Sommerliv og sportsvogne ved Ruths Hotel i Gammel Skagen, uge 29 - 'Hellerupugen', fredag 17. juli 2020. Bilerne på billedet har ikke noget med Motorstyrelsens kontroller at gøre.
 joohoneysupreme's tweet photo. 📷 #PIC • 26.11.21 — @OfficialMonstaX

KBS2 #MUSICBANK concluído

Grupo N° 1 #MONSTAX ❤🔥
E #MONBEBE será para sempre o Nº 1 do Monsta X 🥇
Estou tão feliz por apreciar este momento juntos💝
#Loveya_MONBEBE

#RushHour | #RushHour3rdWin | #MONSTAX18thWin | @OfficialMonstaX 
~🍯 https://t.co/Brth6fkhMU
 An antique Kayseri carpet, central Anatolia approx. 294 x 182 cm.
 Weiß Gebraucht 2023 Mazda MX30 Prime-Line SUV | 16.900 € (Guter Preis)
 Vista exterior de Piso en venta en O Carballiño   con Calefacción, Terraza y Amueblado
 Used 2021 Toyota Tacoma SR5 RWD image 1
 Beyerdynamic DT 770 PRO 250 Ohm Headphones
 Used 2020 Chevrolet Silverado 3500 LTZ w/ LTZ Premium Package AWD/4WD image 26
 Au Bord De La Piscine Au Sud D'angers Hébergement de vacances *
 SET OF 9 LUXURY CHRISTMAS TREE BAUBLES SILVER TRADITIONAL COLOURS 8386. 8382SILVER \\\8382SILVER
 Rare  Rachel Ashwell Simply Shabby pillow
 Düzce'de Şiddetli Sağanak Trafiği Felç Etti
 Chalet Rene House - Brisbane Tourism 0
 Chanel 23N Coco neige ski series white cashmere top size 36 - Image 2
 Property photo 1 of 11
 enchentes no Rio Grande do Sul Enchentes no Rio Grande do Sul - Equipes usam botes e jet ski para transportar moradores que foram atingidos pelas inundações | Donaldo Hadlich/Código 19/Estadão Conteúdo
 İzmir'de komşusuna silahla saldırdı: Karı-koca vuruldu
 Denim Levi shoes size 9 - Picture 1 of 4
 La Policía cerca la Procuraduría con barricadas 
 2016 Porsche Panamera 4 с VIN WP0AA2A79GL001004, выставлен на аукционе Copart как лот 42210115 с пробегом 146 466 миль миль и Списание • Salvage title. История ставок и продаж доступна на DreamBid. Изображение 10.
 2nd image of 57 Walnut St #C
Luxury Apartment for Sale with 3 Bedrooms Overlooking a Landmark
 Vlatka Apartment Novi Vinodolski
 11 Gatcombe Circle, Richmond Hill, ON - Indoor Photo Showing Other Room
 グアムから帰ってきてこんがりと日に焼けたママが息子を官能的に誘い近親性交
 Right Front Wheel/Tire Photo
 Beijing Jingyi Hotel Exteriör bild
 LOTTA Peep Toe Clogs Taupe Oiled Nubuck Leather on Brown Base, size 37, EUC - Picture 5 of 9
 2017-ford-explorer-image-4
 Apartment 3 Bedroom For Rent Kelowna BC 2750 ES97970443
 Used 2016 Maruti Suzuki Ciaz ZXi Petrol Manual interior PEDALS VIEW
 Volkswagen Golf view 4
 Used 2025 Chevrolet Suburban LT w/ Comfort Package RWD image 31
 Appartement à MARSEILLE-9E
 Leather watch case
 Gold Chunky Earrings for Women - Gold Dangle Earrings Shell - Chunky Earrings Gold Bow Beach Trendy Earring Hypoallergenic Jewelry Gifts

+-------+

EXERCISE OBJECTIVE
Please return every line from the first one in the records above down to the line containing "2nd image of 57 Walnut St #C", including both, exactly as written and nothing more.

OUTPUT BELOW
Sommerliv og sportsvogne ved Ruths Hotel i Gammel Skagen, uge 29 - 'Hellerupugen', fredag 17. juli 2020. Bilerne på billedet har ikke noget med Motorstyrelsens kontroller at gøre.
 joohoneysupreme's tweet photo. 📷 #PIC • 26.11.21 — @OfficialMonstaX

KBS2 #MUSICBANK concluído

Grupo N° 1 #MONSTAX ❤🔥
E #MONBEBE será para sempre o Nº 1 do Monsta X 🥇
Estou tão feliz por apreciar este momento juntos💝
#Loveya_MONBEBE

#RushHour | #RushHour3rdWin | #MONSTAX18thWin | @OfficialMonstaX 
~🍯 https://t.co/Brth6fkhMU
 An antique Kayseri carpet, central Anatolia approx. 294 x 182 cm.
 Weiß Gebraucht 2023 Mazda MX30 Prime-Line SUV | 16.900 € (Guter Preis)
 Vista exterior de Piso en venta en O Carballiño   con Calefacción, Terraza y Amueblado
 Used 2021 Toyota Tacoma SR5 RWD image 1
 Beyerdynamic DT 770 PRO 250 Ohm Headphones
 Used 2020 Chevrolet Silverado 3500 LTZ w/ LTZ Premium Package AWD/4WD image 26
 Au Bord De La Piscine Au Sud D'angers Hébergement de vacances *
 SET OF 9 LUXURY CHRISTMAS TREE BAUBLES SILVER TRADITIONAL COLOURS 8386. 8382SILVER \\\8382SILVER
 Rare  Rachel Ashwell Simply Shabby pillow
 Düzce'de Şiddetli Sağanak Trafiği Felç Etti
 Chalet Rene House - Brisbane Tourism 0
 Chanel 23N Coco neige ski series white cashmere top size 36 - Image 2
 Property photo 1 of 11
 enchentes no Rio Grande do Sul Enchentes no Rio Grande do Sul - Equipes usam botes e jet ski para transportar moradores que foram atingidos pelas inundações | Donaldo Hadlich/Código 19/Estadão Conteúdo
 İzmir'de komşusuna silahla saldırdı: Karı-koca vuruldu
 Denim Levi shoes size 9 - Picture 1 of 4
 La Policía cerca la Procuraduría con barricadas 
 2016 Porsche Panamera 4 с VIN WP0AA2A79GL001004, выставлен на аукционе Copart как лот 42210115 с пробегом 146 466 миль миль и Списание • Salvage title. История ставок и продаж доступна на DreamBid. Изображение 10.
 2nd image of 57 Walnut St #C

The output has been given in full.